“Out of 31 flavors, baby you make 32 / Let me scoop that on my cone, let me show you what it do.” That’s the first thing you hear on the first proper song of Raheem DeVaughn’s Love Sex Passion. And nope. You’re not getting it out of your head the next time you pull up to a Dairy Queen. For better or for worse. Not a chance.
Yet it’s about as indicative as it gets for DeVaughn as a modern day soul-R&B crooner: He has no problem double-entendre-ing all over the place while maintaining a silky smooth innocence that’s harder to pull off than it looks. R. Kelly? You know that guy’s a freak. Chris Brown? Nobody’s looking at him the same after his very public and very troubling displays of anger. Ginuwine? His best days have probably come and gone. Ne-Yo? Too pop to be sexy. John Legend? Too well-adjusted to get dirty.
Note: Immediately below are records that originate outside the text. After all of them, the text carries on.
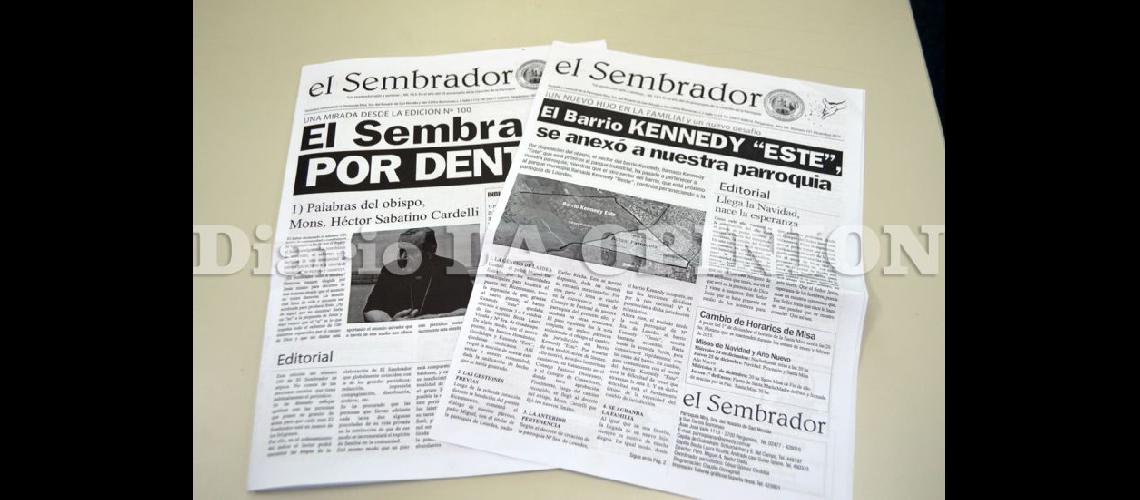  La publicación parroquial mensual sirve de nexo informativo para con el pueblo católico de la ciudad (LA OPINION) 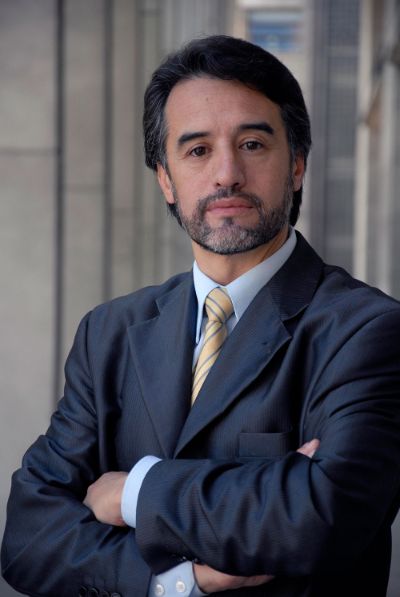 Luis Quiñones, jefe del Laboratorio de Carcinogénesis Química y Farmacogenética del Departamento de Oncología Básico Clínico de la Facultad de Medicina.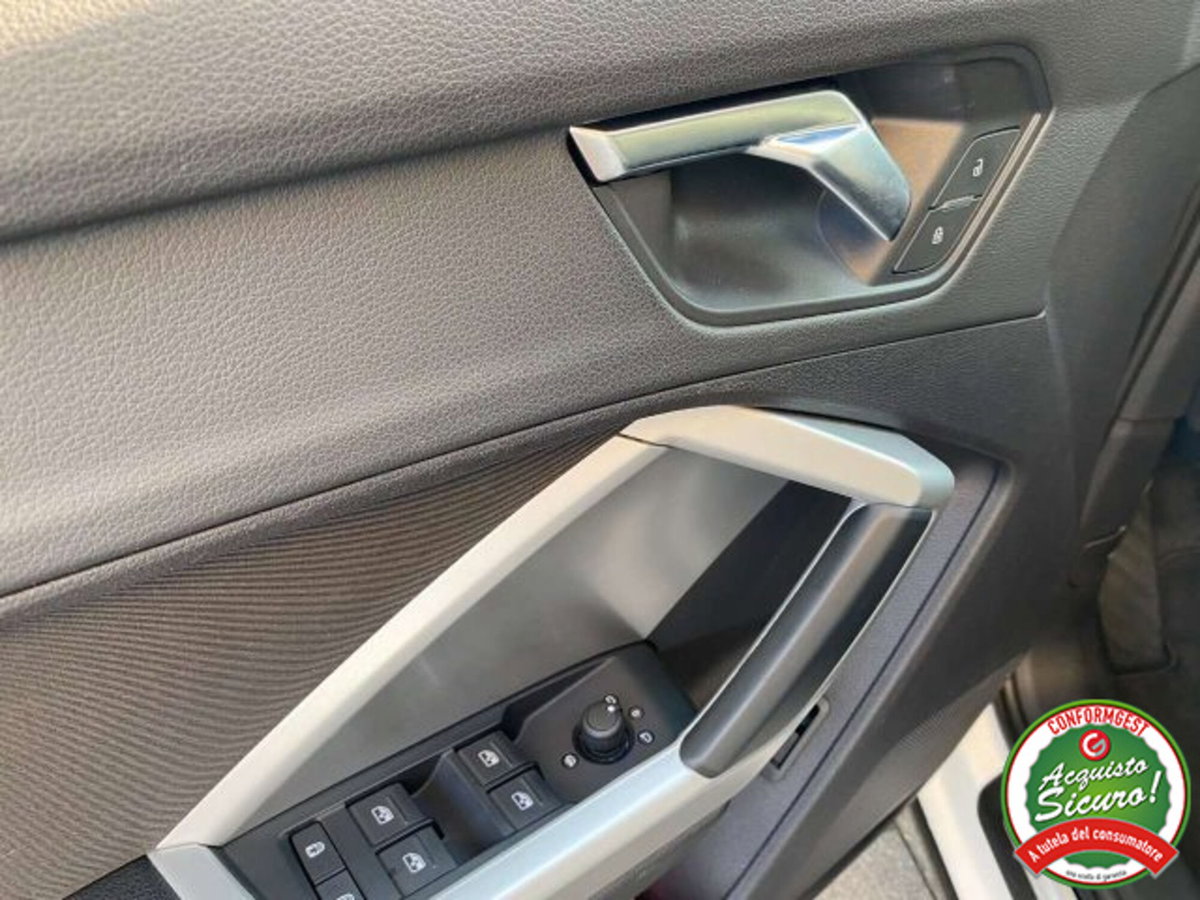 Audi Q3 35 TDI quattro S line edition (9)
Go up and down the list of contemporary male R&B singers and you’ll see: Raheem DeVaughn has carved out a tiny corner for himself in the soul music landscape that’s as perfectly balanced as it gets. He’s socially conscious, yet he has no problem selling a line like “You be the job, I be that work / I be that pipe that make you burst.” He loves empowering the opposite sex with songs like “Woman” and “Queen”, but then he invites Trombone Shorty along to proclaim, “Normally, yeah, you might be a good girl / But tonight if you can be a bad girl / And I won’t care if you don’t care who’s watching.”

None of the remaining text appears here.